General Matrix Multiplication (GEMM) Optimization Algorithm Link: https://jackwish.net/gemm-optimization.html

First, consider the NCHW memory layout, mapping the convolution of the NCHW memory layout to matrix multiplication 𝐶=𝐴𝐵, where 𝐴 is the convolution kernel (filter), and 𝐵 is the input (input), with the dimensions of each matrix shown in Figure 4. The 𝑀,𝑁,𝐾 in the figure are used to label matrix multiplication, i.e., while also marking their relationships with various dimensions in convolution calculations.

Figure 4: Matrix Multiplication Corresponding to Convolution in NCHW Memory Layout

After partitioning this matrix, we analyze the performance of locality in detail, marked in Figure 4. Among them, Inside indicates the locality within the 4×4 small block matrix multiplication, while Outside indicates the locality between small blocks in the dimension reduction direction.

For the output, the locality within the small block is poor because each vectorized load will load four elements, and each load will incur a cache miss.
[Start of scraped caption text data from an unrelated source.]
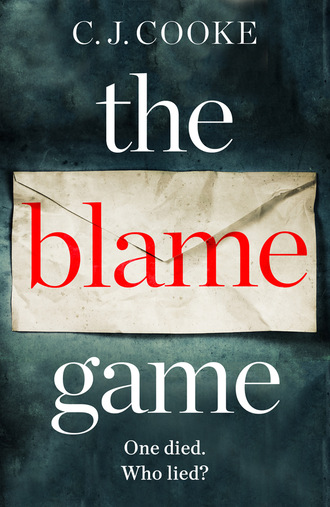 C.J. Cooke. The Blame Game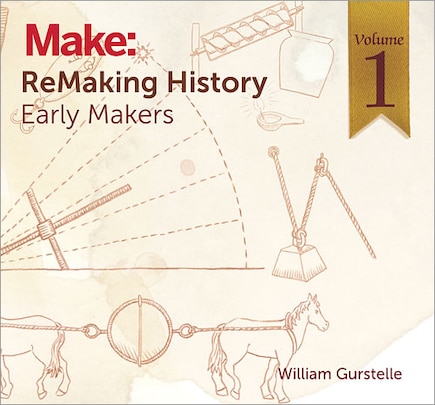 Remaking History, Volume 1: Early Makers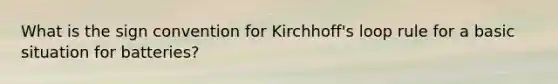 What is the sign convention for Kirchhoff's loop rule for a basic situation for batteries?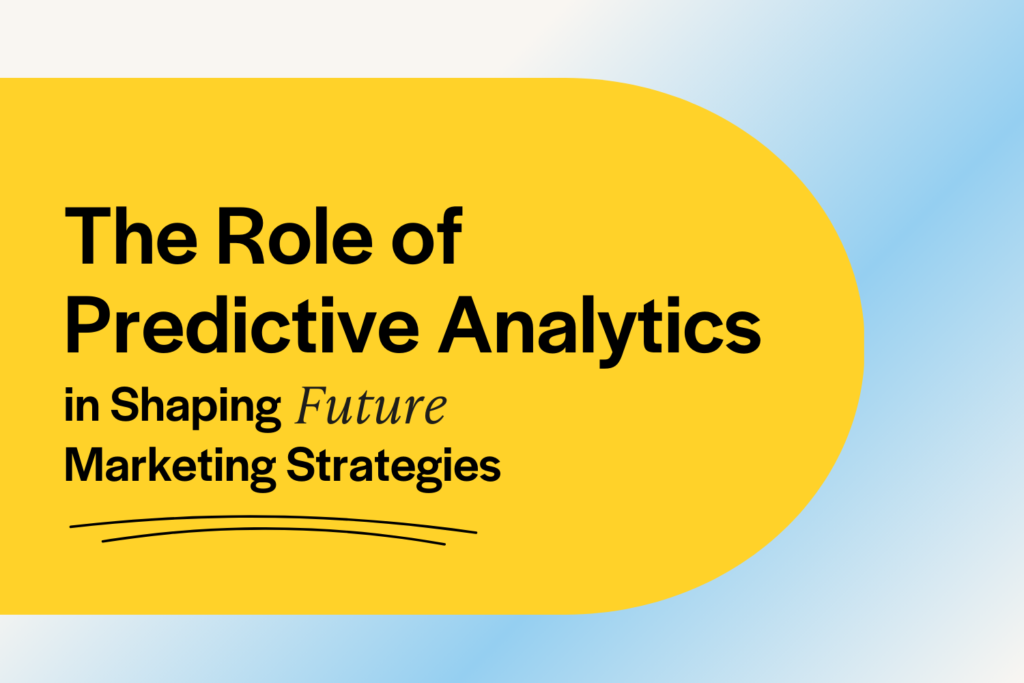 The Role of Predictive Analytics in Shaping Future Marketing Strategies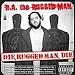 Die, Rugged Man, Die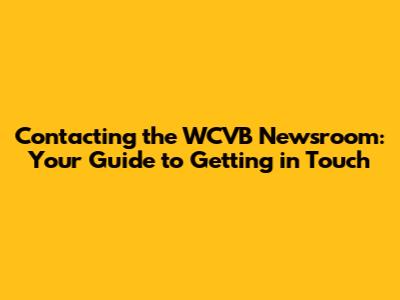 Contacting the WCVB Newsroom: Your Guide to Getting in Touch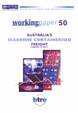 Working Paper 50 - Australia's Seaborne Containerised Freight: Forecasts to 2010-11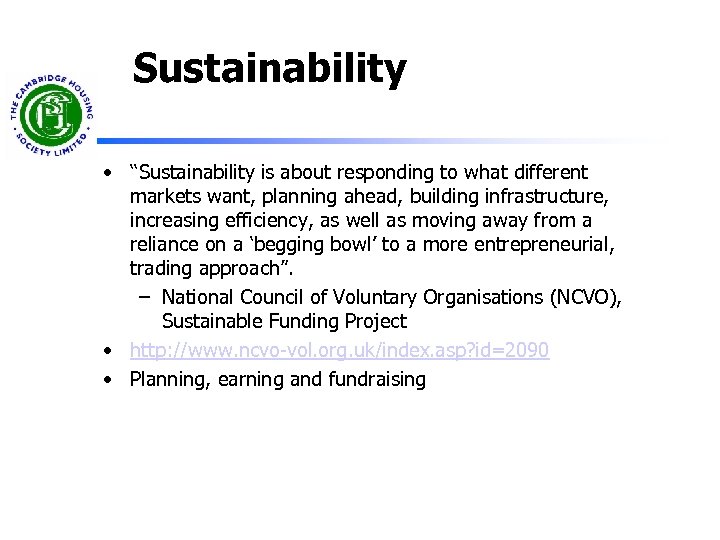 Sustainability • ‘‘Sustainability is about responding to what different markets want, planning ahead, building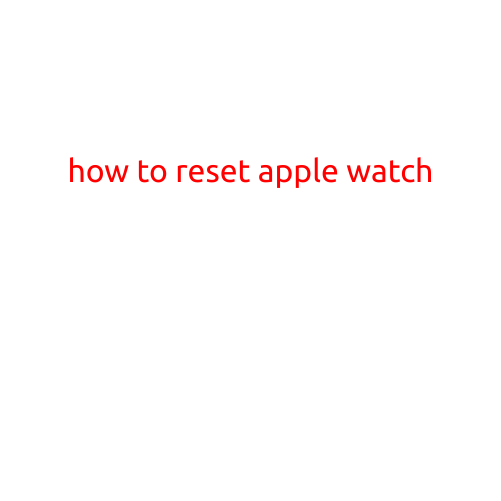 How to Reset Apple Watch: A Step-by-Step Guide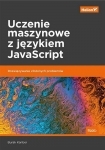 Uczenie maszynowe z językiem JavaScript. Rozwiązywanie złożonych problemów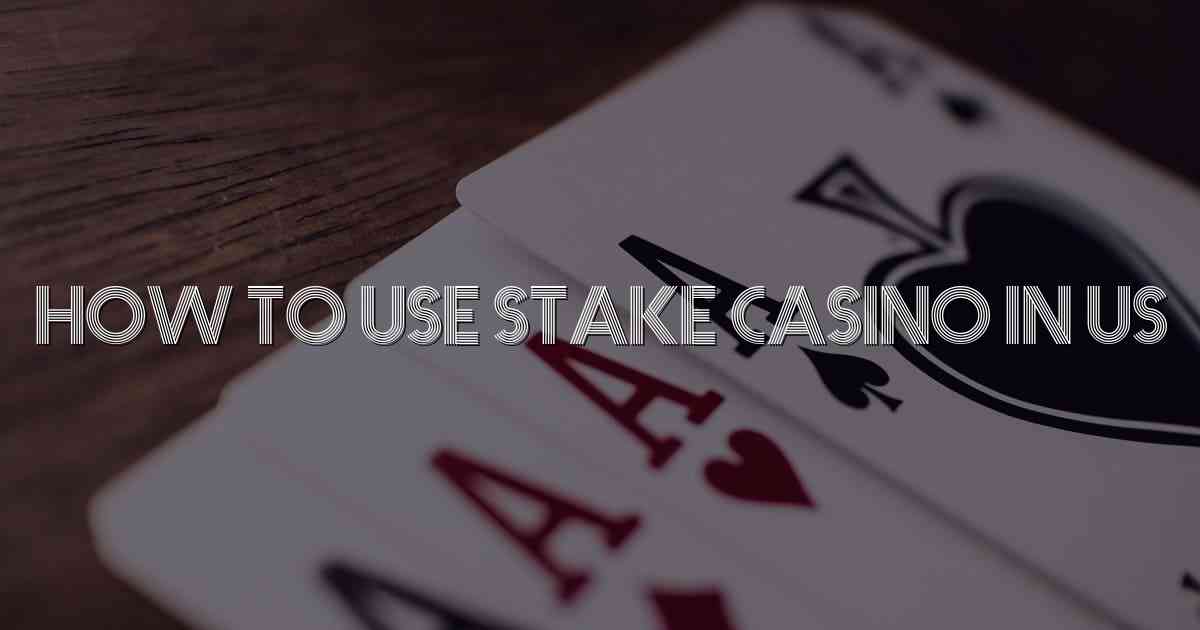 How To Use Stake Casino In Us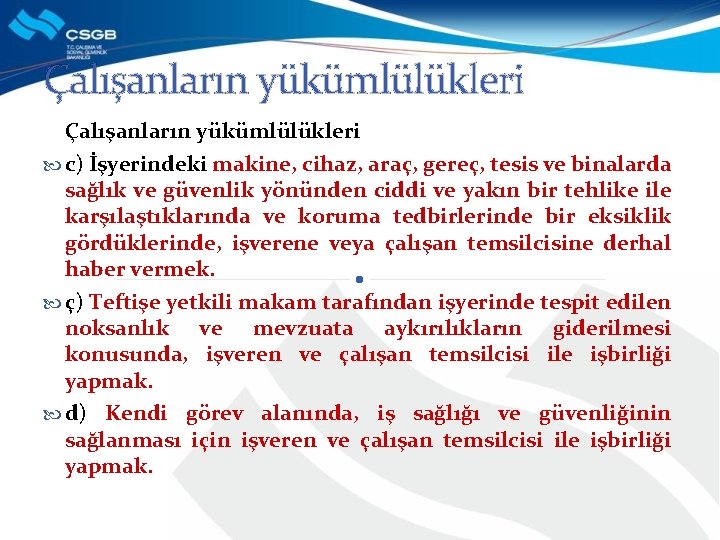 Çalışanların yükümlülükleri c) İşyerindeki makine, cihaz, araç, gereç, tesis ve binalarda sağlık ve güvenlik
The external performance depends on the global computation direction—row-major has better locality, while column-major has poorer locality. The behavior of the output is not the end of the discussion here, as it does not have memory reuse.
For the convolution kernel, the locality within the small block is poor, similar to the output. When a cache miss occurs during small block loading, the processor will load a cache line at once, allowing subsequent small block accesses to hit the cache until the entire cache line is hit before entering the next cache line range. Therefore, the external locality of small blocks is good.
For the input, the locality within the small block also performs poorly. However, unlike the convolution kernel, the data loaded into the cache from the cache line in the small block due to cache misses will only be used once because, in this memory layout, the next small block’s address range generally exceeds a cache line. Therefore, nearly every memory load for the input will incur a cache miss—the cache does not accelerate, and every access needs to fetch data from memory.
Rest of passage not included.